IMPLEMENTATION NOTES

  1. mysql does not support remote SELECT ... INTO OUTFILE even with OUTFILE=/dev/stdout
  2. mysqldump -Tpath/to/dumpdir has the same limitation

To workaround these limitations a csvdirect approach is taken where low level mysql-python is used to perform a select * on selected tables and the strings obtained are written directly to the csv files of the catalog. Low-level mysql-python is used to avoid pointless conversion of strings from the underlying mysql C-api into python types and then back into strings.

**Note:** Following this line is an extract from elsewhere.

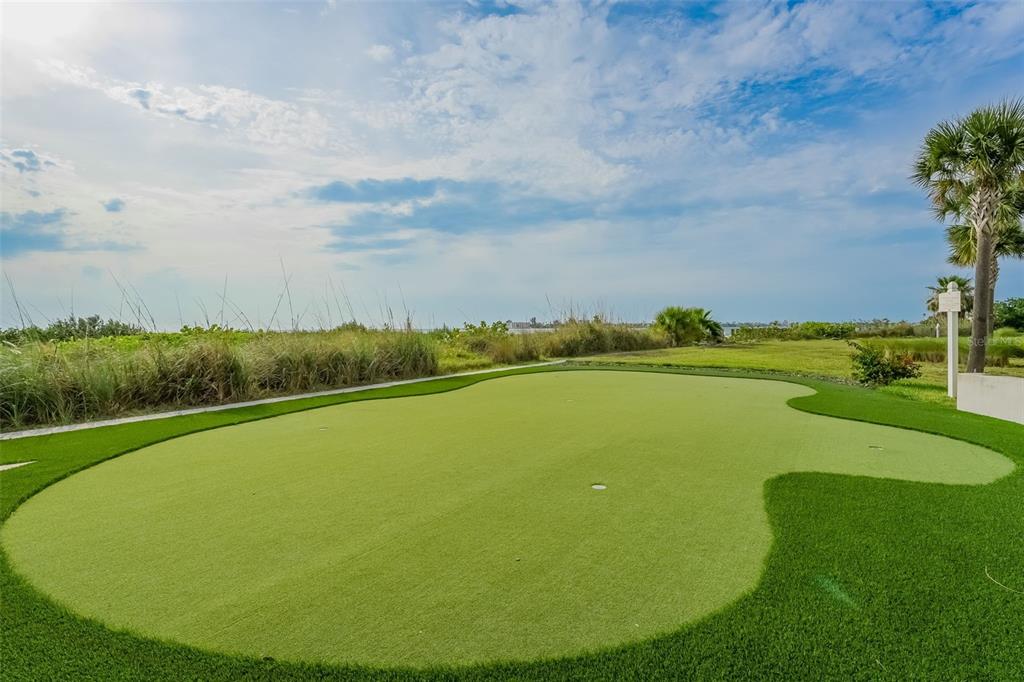 795 Collany Road, Unit 201 Tierra Verde, FL 33715 - Photo 69 of 73 Gallery Image 69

read_desc(tabfile)[source]

Read first line of csv file containing the description

read_seqno(tab='LOCALSEQNO')[source]

Read LASTUSEDSEQNO entries from table LOCALSEQNO

rloadcat_(*args, **kwa)[source]

Loads an ascii catalog into a possibly remote database. This is used by DB managers in the final step of the update SOP to propagate dybaux updates into offline_db.

Usage:

./db.py tmp_offline_db rloadcat ~/dybaux/catalog/tmp_offline_db

Steps taken by rloadcat:

  1. compares tables and SEQNO present in the ascii catalog with those in the DB and reports diffences found. The comparison looks both at the LOCALSEQNO tables that DBI uses to hold the LASTUSEDSEQNO for each table and also by looking directly at all SEQNO present in the validity tables. The rcmpcat command does only these comparisons.
  2. if updates are found the user is asked for consent to continue with updating
  3. for the rows (SEQNO) that are added by the update the catalog validity tables INSERTDATE timestamps are fastforwarded inplace to the current UTC time
  4. catalog tables are imported into the DB with the mysqlimport tool. For payload and validity tables the mysqlimport option --ignore is used meaning that only new rows (as determined by their primary keys) are imported, other rows are ignored. For the LOCALSEQNO table the option --replace is used in order to replace the (TABLENAME,LASTUSEDSEQNO) entry.
Returns:dictionary keyed by payload table names with values containing lists of SEQNO values
Return type:dict

You might be tempted to use rloadcat as a faster alternative to load however this is not advised due to the extra things that rloadcat does such as update comparisons and fastforwarding and potentially merging in (when the decouped option is used).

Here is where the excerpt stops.